About this task: Retype the lines of the listing below exactly, but only those from the one containing "Church Estartit Free 3D model" through the last line; pictures stay out.
** Data segment follows **
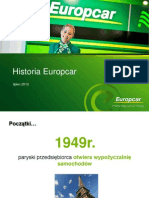Historia Europcar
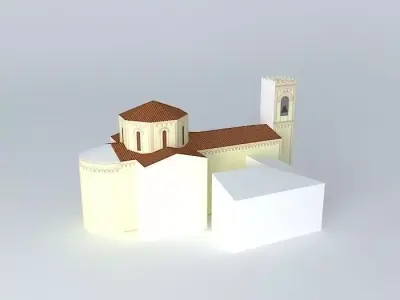 Church Estartit Free 3D model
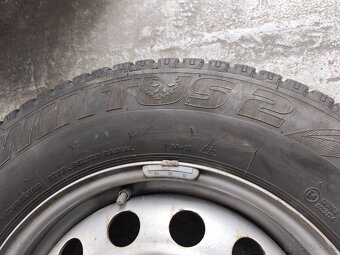 zimné kolesá 6x139,7 r16 Hyundai H1 pneumatiky 205/75 r16C - 6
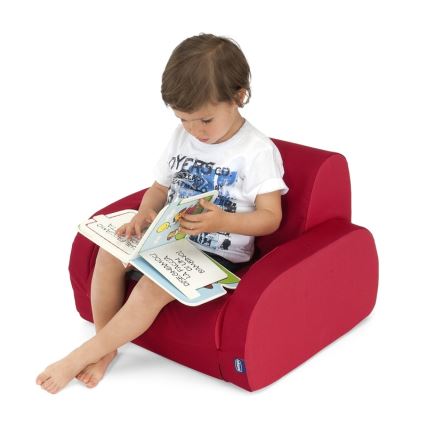 Chicco - Cadeirão para crianças TWIST vermelho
** End of Data segment **
Solution for this problem:
 Church Estartit Free 3D model
 zimné kolesá 6x139,7 r16 Hyundai H1 pneumatiky 205/75 r16C - 6
 Chicco - Cadeirão para crianças TWIST vermelho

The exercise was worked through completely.